İşte NBA bu küreselleşmenin çok önemli bir parçası oldu. Bu küreselleşmenin en büyük marka yüzü Michael Jordan olsa da hâli hazırda o dönem bir rekabet vardı; Lakers - Celtics. Bir de bu rekabetin içinde Magic Johnson - Larry Bird çekişmesi vardı. Bu rekabet, 1970’lerde sönük olan NBA’yi yeniden diriltti desek yalan olmaz. Bu ışıltılı ve renkli 1980’lere nasıl bir basketbol takımı yakışır? Sizin de bunu dediğinizi duyar gibiyim. Şov dünyasının kalbinin attığı Los Angeles’ın "Showtime Lakersı!"

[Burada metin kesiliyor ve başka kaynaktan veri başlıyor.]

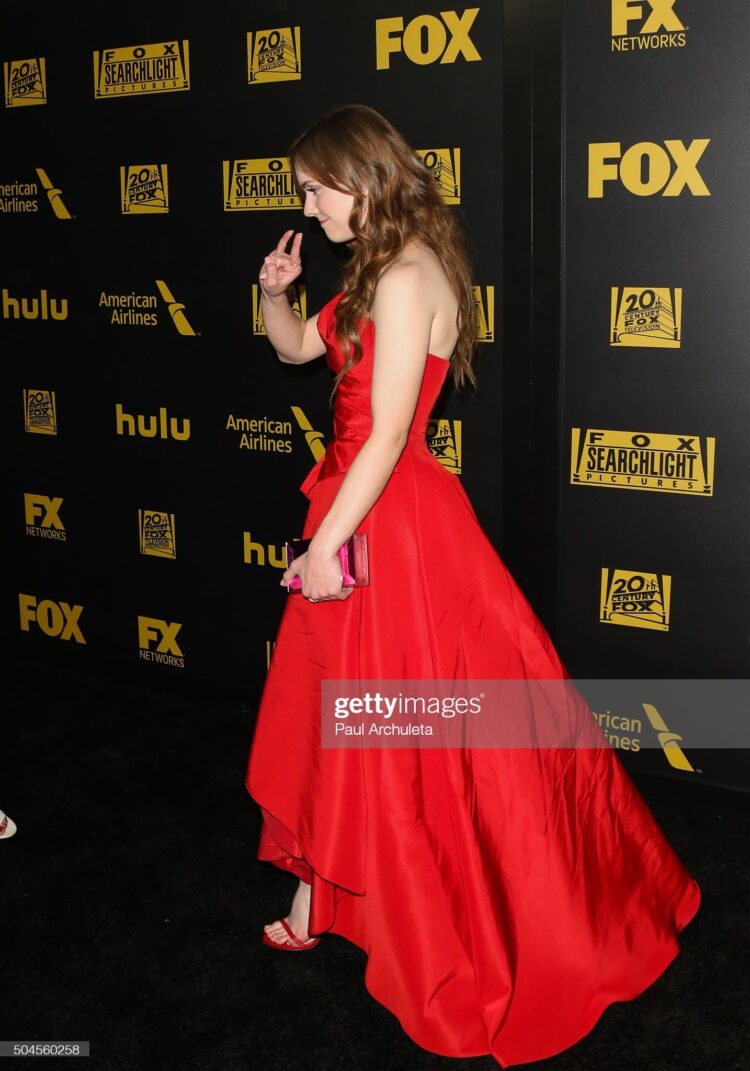 tara lynne barr feet 4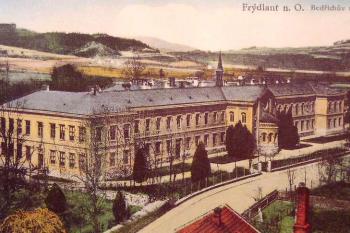 pohled z kostelní věže na klášter před dostavbou 2. polopatra  - počátek 20. století ( © Beskydy a Pobeskydí 1895-1939 (V Peter a kol.))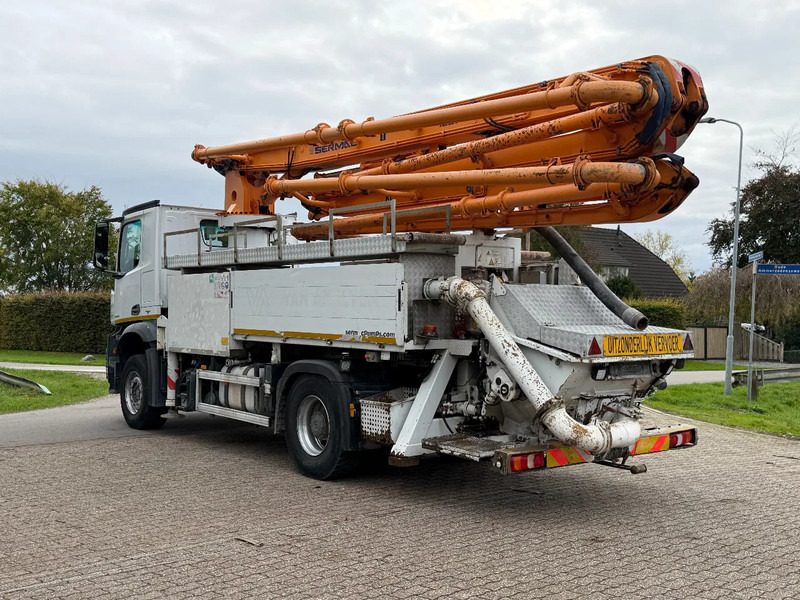 Mercedes-Benz Arocs 2236 PUMI/BETONPOMP!!BETONPUMPE 2017!!SERMAC 4Z27!! only 862 hours!! - Betono siurblys: foto 5 Mercedes-Benz Arocs 2236 PUMI/BETONPOMP!!BETONPUMPE 2017!!SERMAC 4Z27!! only 862 hours!! - Betono siurblys: foto 5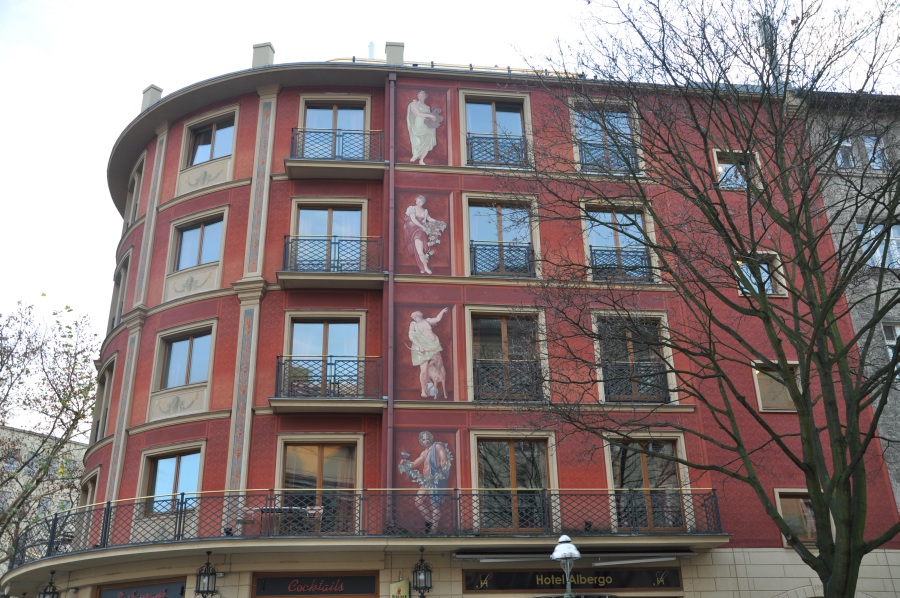 rote Fassade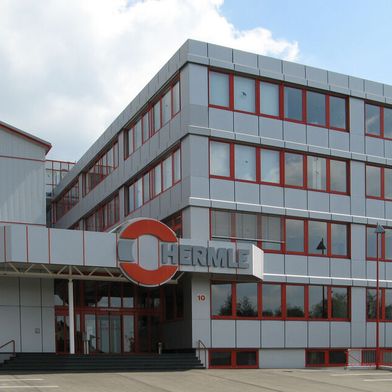 Die Zeiten sind hart, aber die Maschinenfabrik Berthold Hermle AG beweist mit den Zahlen für das 1. Halbjahr 2025, dass man besser abschneiden kann als zuvor gedacht. Doch rosig ist das, verglichen mit anderen Zeiten, dennoch nicht. Hier die Details ... (Bild: Hermle)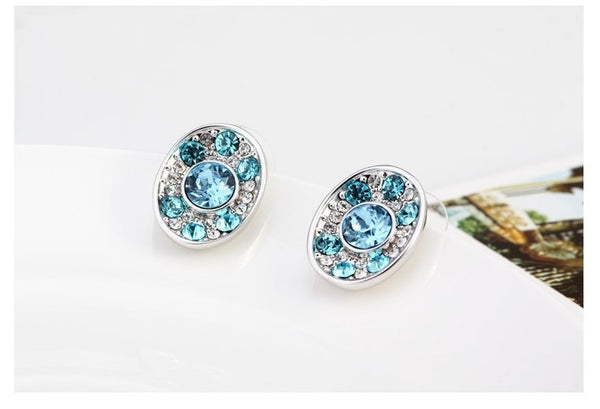 ERFA179 Fashion Charm Lotus Stud Earrings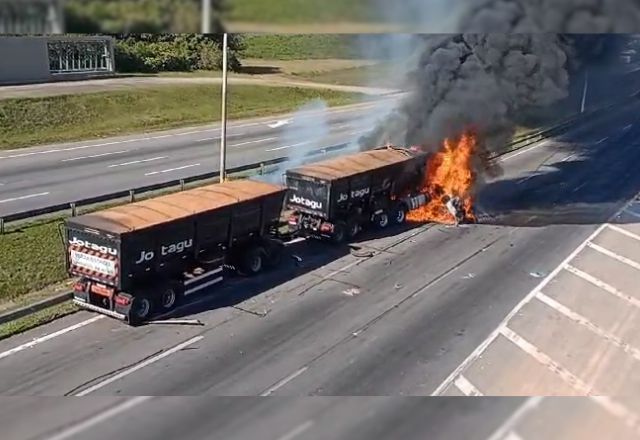 Cabine de caminhão e carro pegam fogo após acidente no Rodoanel, em SP | Reprodução/SBT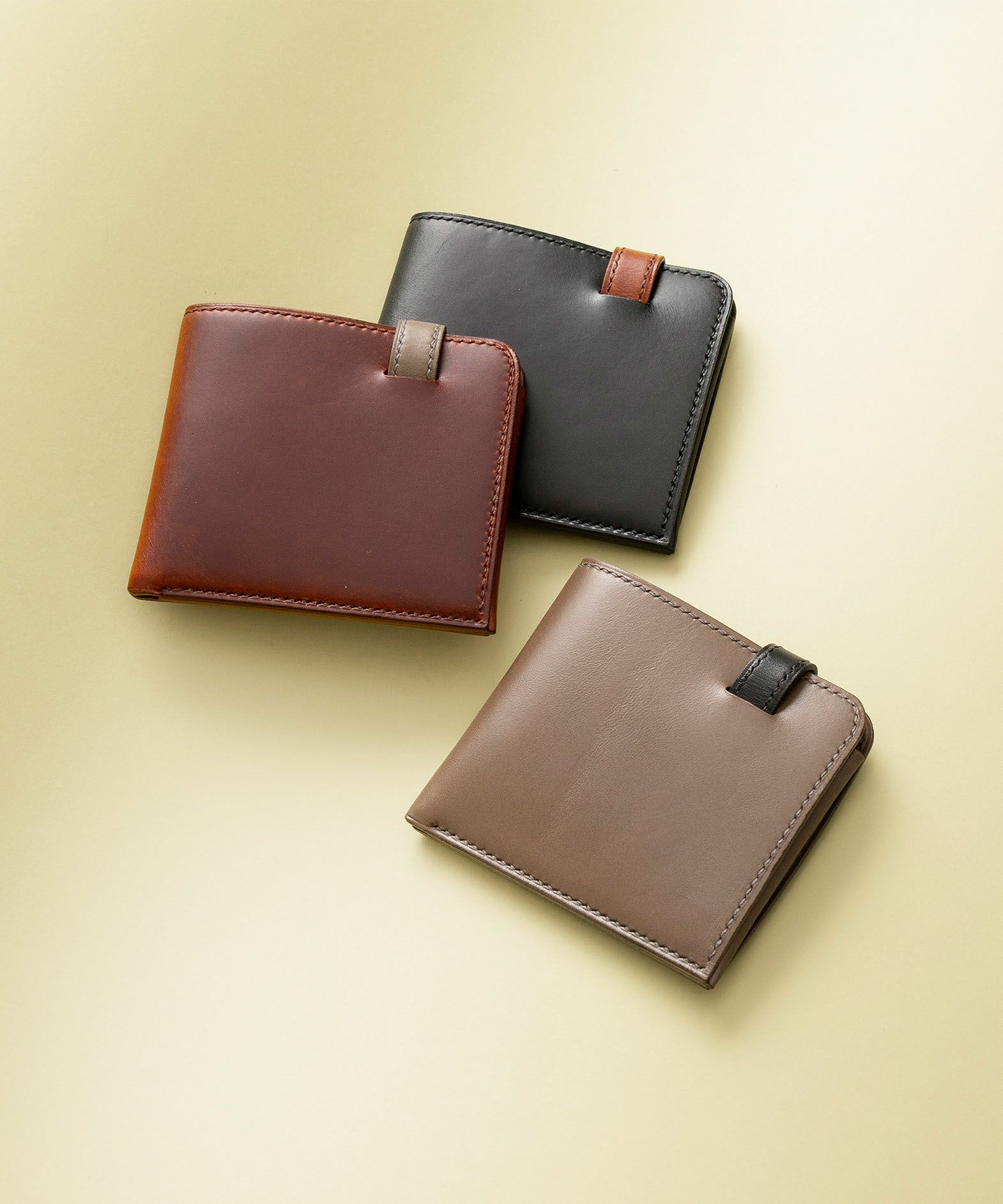 ブッテーロ L型コンパクトウォレット “HAKU”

Başrolde ise büyüleyici basketboluyla, attığı pasları, fake'leri ve basketleri ile izleyenleri etkisi altına alan Magic Johnson… Lakers, 1980’lerde Magic ile yeniden canlandı ve 8 final yapıp 5 şampiyonluk kazandı. Magic Johnson, bu işte büyük pay sahibiydi ve 3 kez normal sezonda 3 kez de Finaller’de MVP oldu.
Lakers, 1991 yılında da finallere kaldı; ama Jordan’ın Bulls’una boyun eğdi. Magic’in basketbol kariyerinin sonu mu geliyordu? Evet. Magic basketbola veda edecekti fakat hiç beklenmedik bir şekilde…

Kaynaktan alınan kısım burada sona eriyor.